As is often the case, the people who passed by expressed bemusement when they see me writing:

“Are you taking notes? Har har!”
“What, suicide already? Har har!”
“Why are you doing that?”
“Did I mention ‘har har’?”

Some passersby say that they used to write, but don’t anymore - rather like the stories people tell me when I mention that I play a musical instrument (“Oh, I played flute in, like, fifth grade.”).

And let me say now and for the record always: writing a blog doesn't make me a better person. I still have exactly the same number of flaws and virtues as I did before. It doesn't mean a thing, other than having slightly more pieces of paper in my life than an average non-writer. I think it helps me focus problems and life, but it doesn't always do that for me, so its actual capability to accomplish the things I attribute to it might just be in my own head.
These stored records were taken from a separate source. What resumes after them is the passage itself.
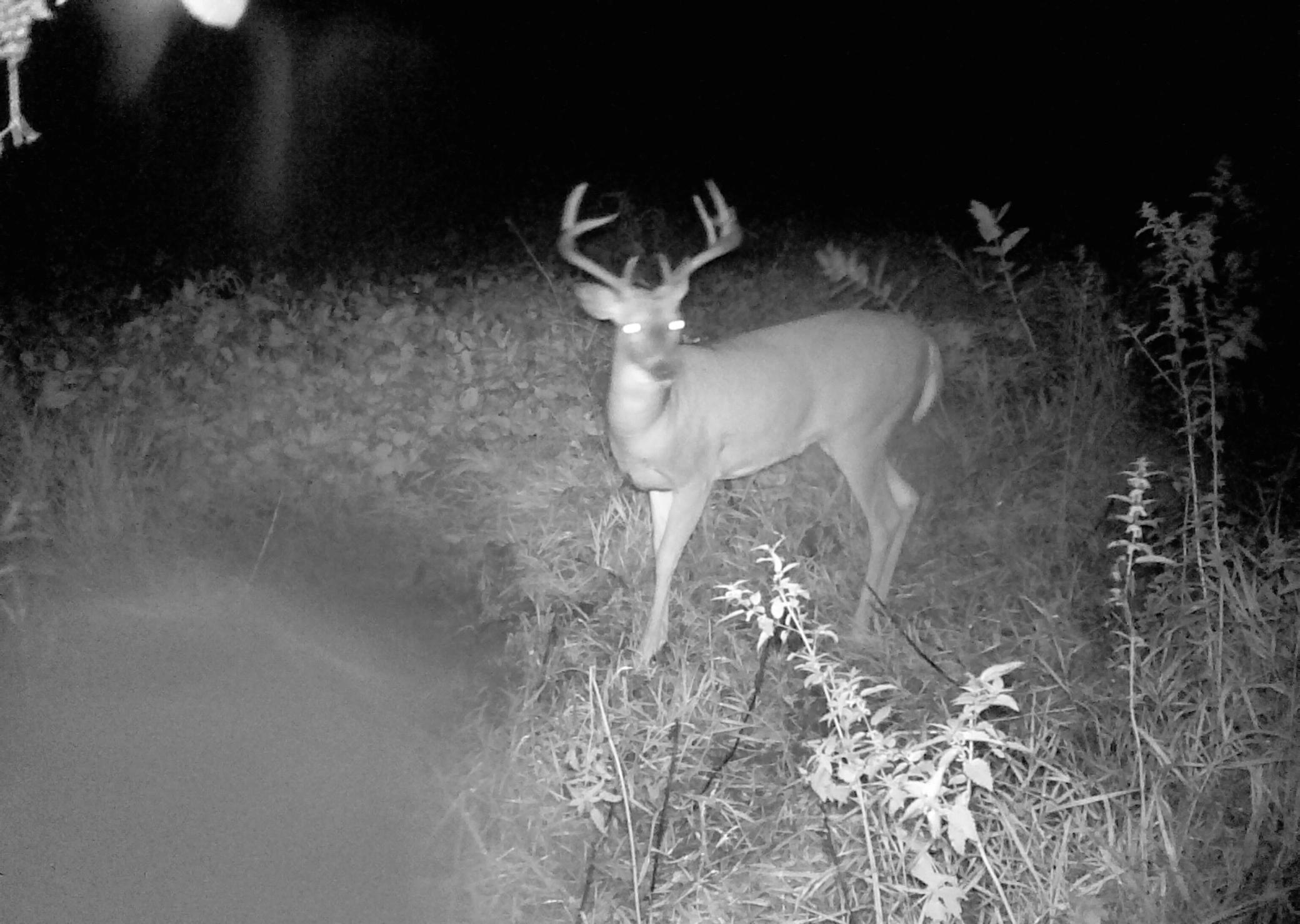 210 Fergus Falls Fergus Falls, MN 56537 - Photo 26 of 33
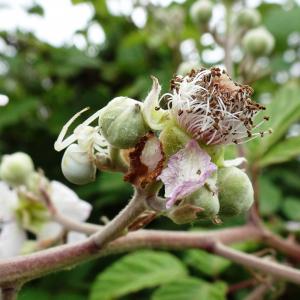 Photographie n°2514754 du taxon Rubus ulmifolius Schott [1818]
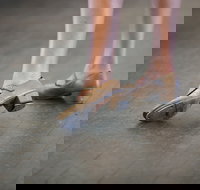 Beginner Tap - Surfers Paradise Gold Coast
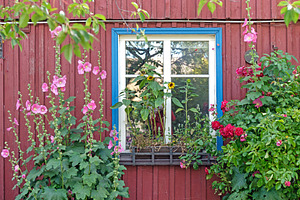 Old window overgrown with flowers, an Architecture Photo by BOOCYS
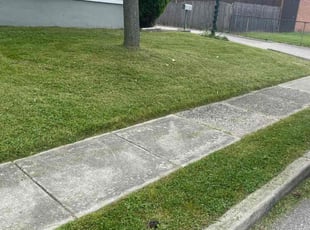Marie T.'s Lawn Service service result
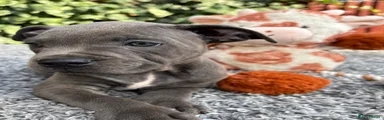 Staffordshire Bull Terrier 6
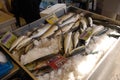 Sale of fresh fish in the port of San Remo,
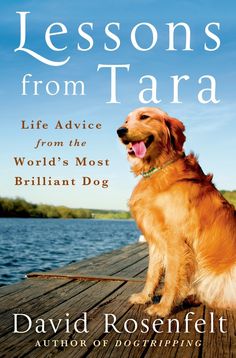 a dog sitting on top of a wooden dock next to the ocean with text reading lessons from tara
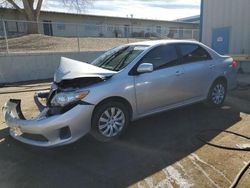 Salvage cars for sale at Albuquerque, NM auction: 2012 Toyota Corolla Base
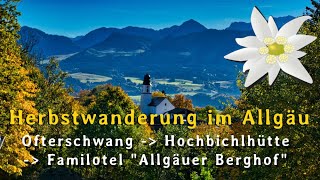 Herbstwanderung im Allgäu Ofterschwang  Hochbichlhütte  Allgäuer Berghof [upl. by Nitsreik]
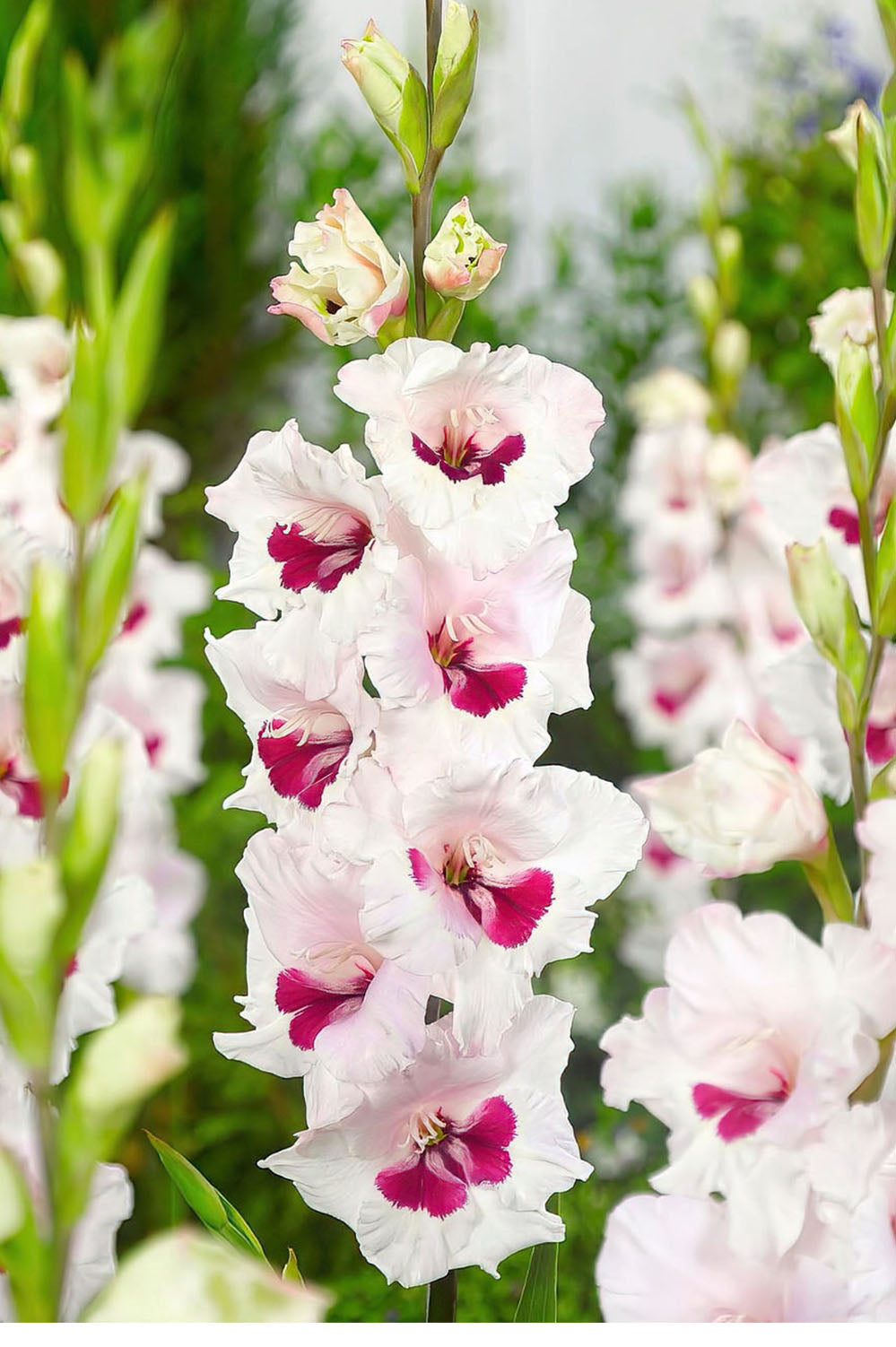 Gladiolus Fiorentina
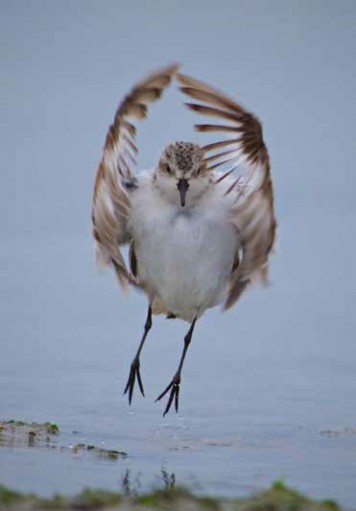 AERIAL BALLET: A male Red-necked Stint performs his breeding display. Photo / David Jenkins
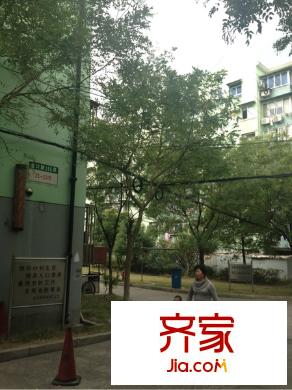 金杨七街坊外景图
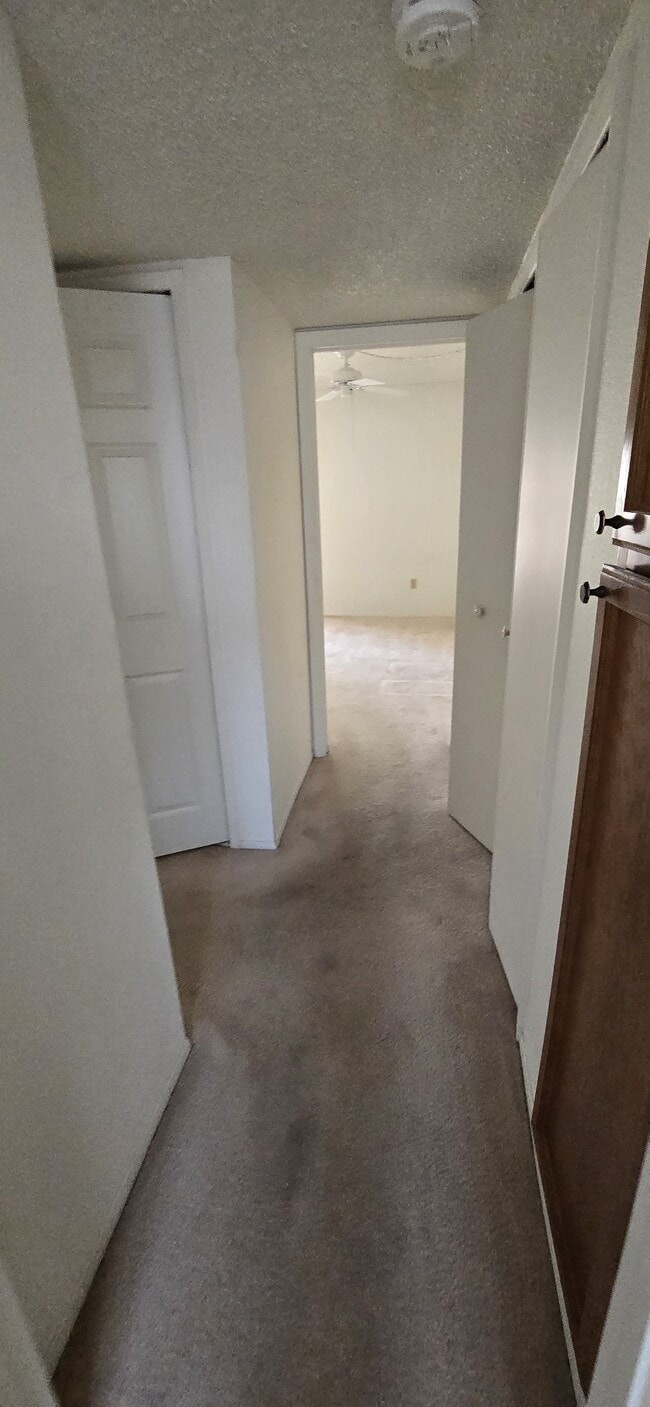 Photo - 5518 E Lindstrom Ln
And still I write. Even as I write out my frustrations, the subtle sounds of pen scratching across paper calms me. It’s a very quiet sound: the drone of the refrigerator engine from the hotel quik-stop covers it for any distance past the twelve inches to my own head.
On this day, I had twelve long hours to stew in the bus, with nothing but my thoughts to keep me company. I used to try to write on the bus, but it means too much frustration to attempt to keep the lines smooth and even as the bus bumps and jars its way down the roads. The calm that I seek stays away me in such situations.

Invariably, looking back at entries provides valuable perspective. It’s the Me of the past, writing to the Me of his future. Sometimes the reflections are honest, but some of the time I lie to myself. How fortunate, then, that I remember the truth. The truth in this case is how I behave going forward. The current Me remembers it because he’s still in the process of living it.

Sorry, got all metaphysical and wishy-washy there! If you need a palate-cleanser, go back and read the script in the hero photo for this entry. Hmm, I think “palate-cleanser” is an incorrect term.